In the Gospel, Jesus cried for his dead friend, he cried in his heart for the family who lost its child, for the poor widow who had to bury her son. He was moved to tears and compassion when he saw the crowds without a pastor. If you don’t learn how to cry, you cannot be a good Christian. This is a challenge. When they posed this question to us, why children suffer, why this or that tragedy occurs in life – our response must be either silence or a word that is born of our tears. Be courageous, don’t be afraid to cry.

Monday, October 13, 2014

Edith Stein: A Vocation to Intercede for Everyone


Lord, how long shall I cry for help,
   and you will not listen?
Or cry to you ‘Violence!’
   and you will not save?
Why do you make me see wrongdoing
   and look at trouble?
Destruction and violence are before me;
   strife and contention arise.
So the law becomes slack
   and justice never prevails.
The wicked surround the righteous—
   therefore judgement comes forth perverted. (Habakkuk 1: 1-4)

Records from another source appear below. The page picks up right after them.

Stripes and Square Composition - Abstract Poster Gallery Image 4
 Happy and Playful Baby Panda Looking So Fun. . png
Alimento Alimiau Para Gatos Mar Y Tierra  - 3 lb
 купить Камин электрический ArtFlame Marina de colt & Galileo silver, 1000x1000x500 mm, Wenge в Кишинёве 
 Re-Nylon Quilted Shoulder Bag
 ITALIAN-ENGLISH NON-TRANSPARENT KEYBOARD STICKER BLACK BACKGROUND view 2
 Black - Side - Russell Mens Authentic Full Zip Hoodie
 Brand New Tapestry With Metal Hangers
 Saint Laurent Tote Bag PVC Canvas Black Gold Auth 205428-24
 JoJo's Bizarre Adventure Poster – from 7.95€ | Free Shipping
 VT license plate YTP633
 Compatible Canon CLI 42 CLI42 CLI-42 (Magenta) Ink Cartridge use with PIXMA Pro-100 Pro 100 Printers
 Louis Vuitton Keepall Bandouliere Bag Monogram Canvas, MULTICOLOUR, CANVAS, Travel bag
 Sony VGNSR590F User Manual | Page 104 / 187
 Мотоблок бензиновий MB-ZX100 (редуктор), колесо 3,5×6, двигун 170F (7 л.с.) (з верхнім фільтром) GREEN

Saint Teresa Benedicta a Cruce (Edith Stein)
             

On August 9, we celebrate the memorial of a great woman, Edith Stein, who died in Auschwitz on August 9, 1942. She was born into an observant Jewish family on Yom Kippur, 1891. As a teenager, she gave up the practice of her Jewish faith and became an atheist. In the course of her studies, she met several Christians whose intellectual and spiritual lives intrigued her. She was converted to Catholicism as a result of reading the writings of Theresa of Avila. “When I had finished the book,” she later recalled, “I said to myself: This is the truth.” Eventually, she entered Carmel, taking the name: Teresa Benedicta a Cruce (Theresa Blessed by the Cross) as a symbol of her acceptance of suffering. “I felt,” she wrote, “that those who understood the Cross of Christ should take it upon themselves on everybody's behalf.” She saw it as her vocation “to intercede with God for everyone,” but she prayed especially for the Jews of Germany whose tragic fate was becoming clear. In 1939 she wrote: “I ask the Lord to accept my life and my death so that the Lord will be accepted by his people and that his kingdom may come in glory, for the salvation of Germany and the peace of the world.” 

           Her martyrdom and the horror of the Holocaust can serve as a backdrop for our consideration of a reading from the prophet Habakkuk. No matter how bad things get, God is still the Holy One and Master of the Universe. The prophet calls to mind God’s fidelity to the covenant He made with His people. This sure hope is echoed in the words of Edith Stein:“Things were in God’s plan which I had not planned at all.  I am coming to the living faith and conviction that — from God’s point of view — there is not chance and that the whole of my life, down to every detail has been mapped out in God’s divine providence and makes complete and perfect sense in God’s all-seeing eyes.” 

            The Beloved Son of God has come into the world. The Living Word has become flesh, taking to Himself all our pain and suffering. The scars He bears in His glorified body are the pledge of our salvation and a promise of our adoption as Children of the Kingdom. Edith Stein's entry into the Carmelite Order was not escapism. "Those who join the Carmelite Order are not lost to their near and dear ones, but have been won for them, because it is our vocation to intercede to God for everyone." In particular, she interceded to God for her people: "I keep thinking of Queen Esther who was taken away from her people precisely because God wanted her to plead with the king on behalf of her nation. I am a very poor and powerless little Esther, but the King who has chosen me is infinitely great and merciful. This is great comfort." (31 October 1938) I will close these reflections with a prayer she wrote: "O my God, fill my soul with holy joy, courage and strength to serve You. Enkindle Your love in me and then walk with me along the next stretch of road before me. I do not see very far ahead, but when I have arrived where the horizon now closes down, a new prospect will prospect will open before me, and I shall meet it with peace.”